-- Action item --
In the entries that follow, the lines from the line containing "A whole block" up to and including the line containing "Korean Style Zircon" must be copied exactly, with pictures omitted.

-- Records shown --
•••

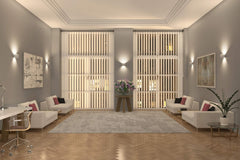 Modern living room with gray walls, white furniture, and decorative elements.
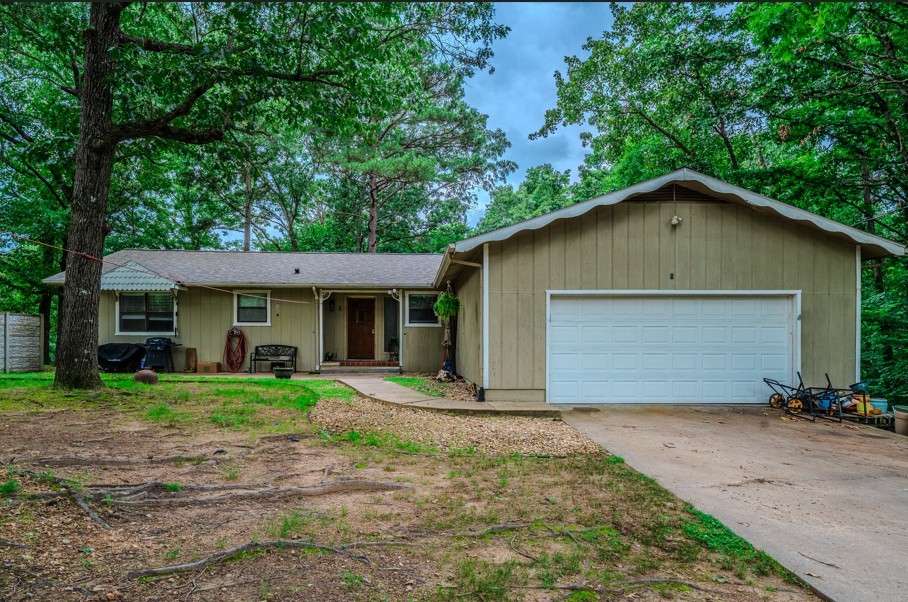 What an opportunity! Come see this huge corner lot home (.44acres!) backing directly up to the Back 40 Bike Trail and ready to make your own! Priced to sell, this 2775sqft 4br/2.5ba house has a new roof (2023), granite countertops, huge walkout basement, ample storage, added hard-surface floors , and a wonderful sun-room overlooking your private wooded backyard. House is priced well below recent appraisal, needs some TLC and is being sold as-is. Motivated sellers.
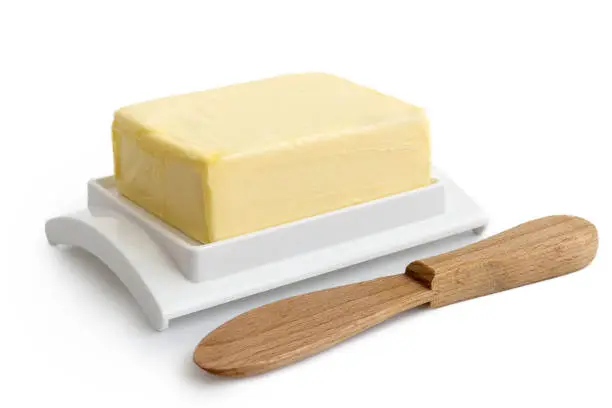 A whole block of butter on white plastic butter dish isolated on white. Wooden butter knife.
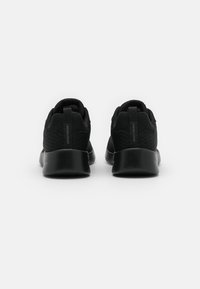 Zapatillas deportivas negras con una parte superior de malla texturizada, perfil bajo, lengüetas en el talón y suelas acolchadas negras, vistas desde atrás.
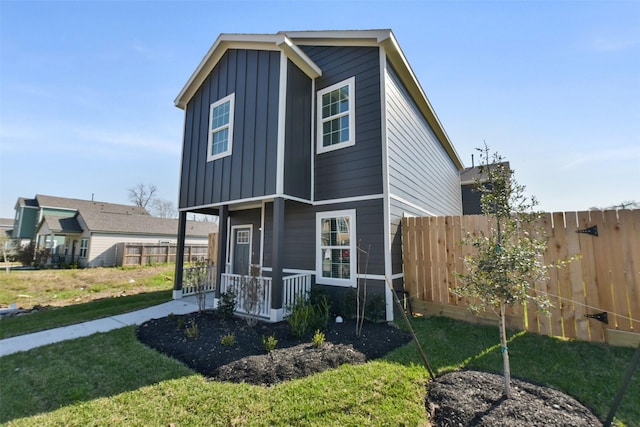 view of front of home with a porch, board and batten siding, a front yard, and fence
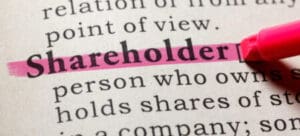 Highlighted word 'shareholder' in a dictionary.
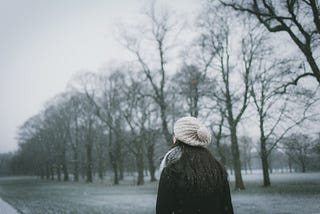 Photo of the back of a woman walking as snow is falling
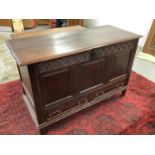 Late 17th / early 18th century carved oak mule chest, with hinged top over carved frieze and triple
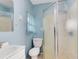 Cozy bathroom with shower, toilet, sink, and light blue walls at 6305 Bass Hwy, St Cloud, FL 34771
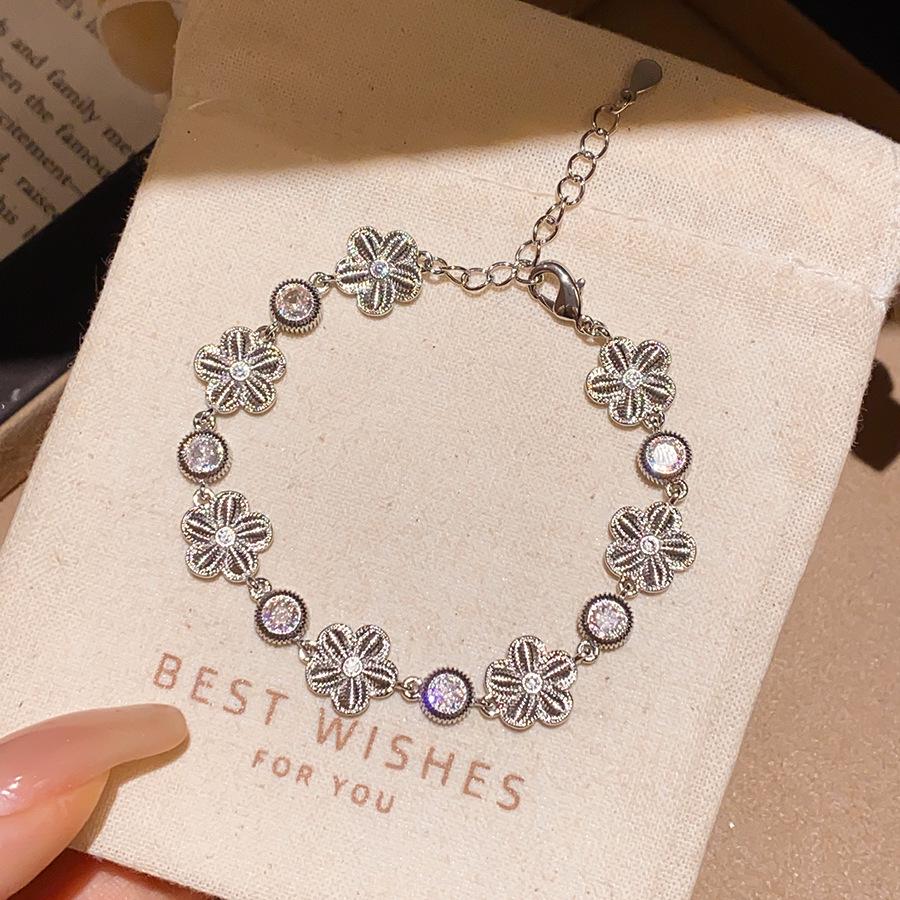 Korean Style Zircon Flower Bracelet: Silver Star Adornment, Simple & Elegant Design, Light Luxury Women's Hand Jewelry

•••

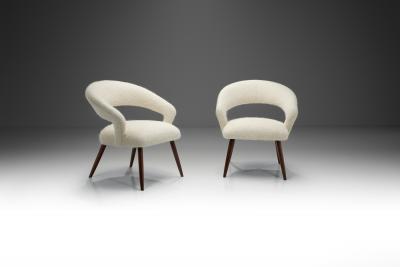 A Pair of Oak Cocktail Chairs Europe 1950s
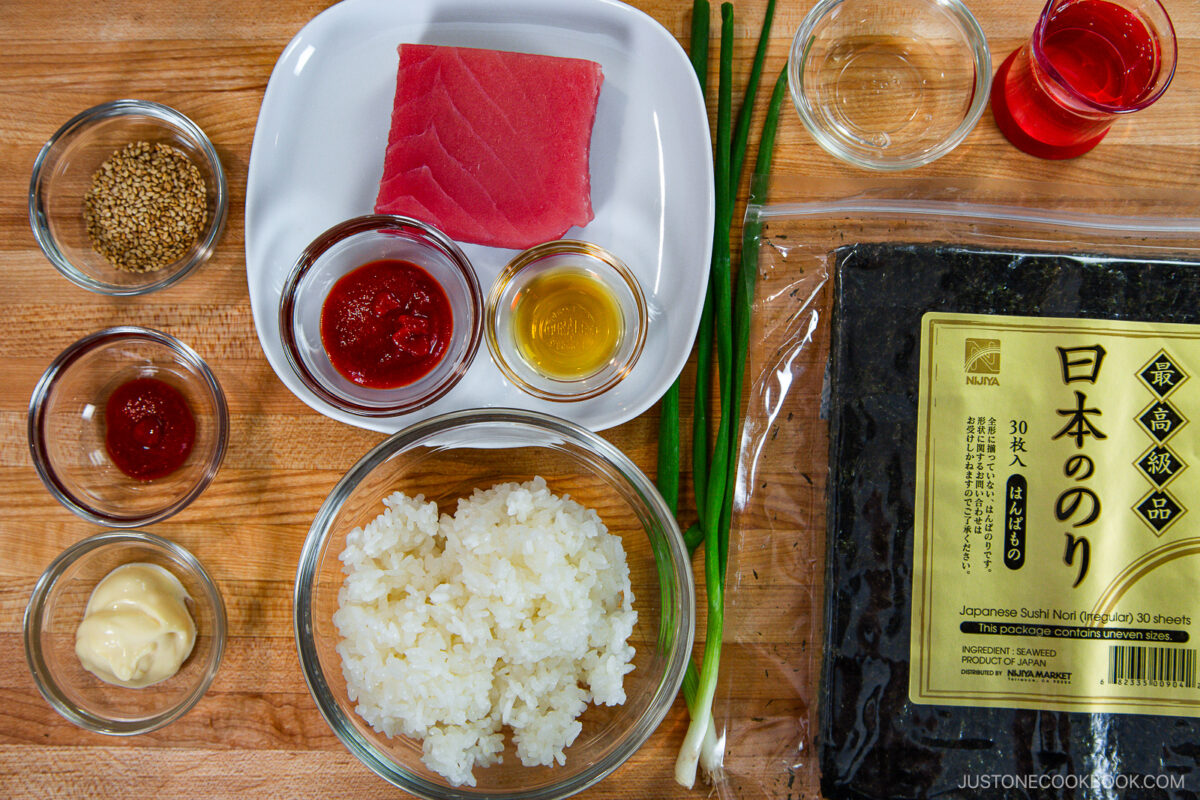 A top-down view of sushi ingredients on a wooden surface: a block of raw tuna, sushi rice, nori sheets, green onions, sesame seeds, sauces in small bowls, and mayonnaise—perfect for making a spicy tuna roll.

•••

-- Solution to the problem --
 A whole block of butter on white plastic butter dish isolated on white. Wooden butter knife.
 Zapatillas deportivas negras con una parte superior de malla texturizada, perfil bajo, lengüetas en el talón y suelas acolchadas negras, vistas desde atrás.
 view of front of home with a porch, board and batten siding, a front yard, and fence
 Highlighted word 'shareholder' in a dictionary.
 Photo of the back of a woman walking as snow is falling
 Late 17th / early 18th century carved oak mule chest, with hinged top over carved frieze and triple
 Cozy bathroom with shower, toilet, sink, and light blue walls at 6305 Bass Hwy, St Cloud, FL 34771
 Korean Style Zircon Flower Bracelet: Silver Star Adornment, Simple & Elegant Design, Light Luxury Women's Hand Jewelry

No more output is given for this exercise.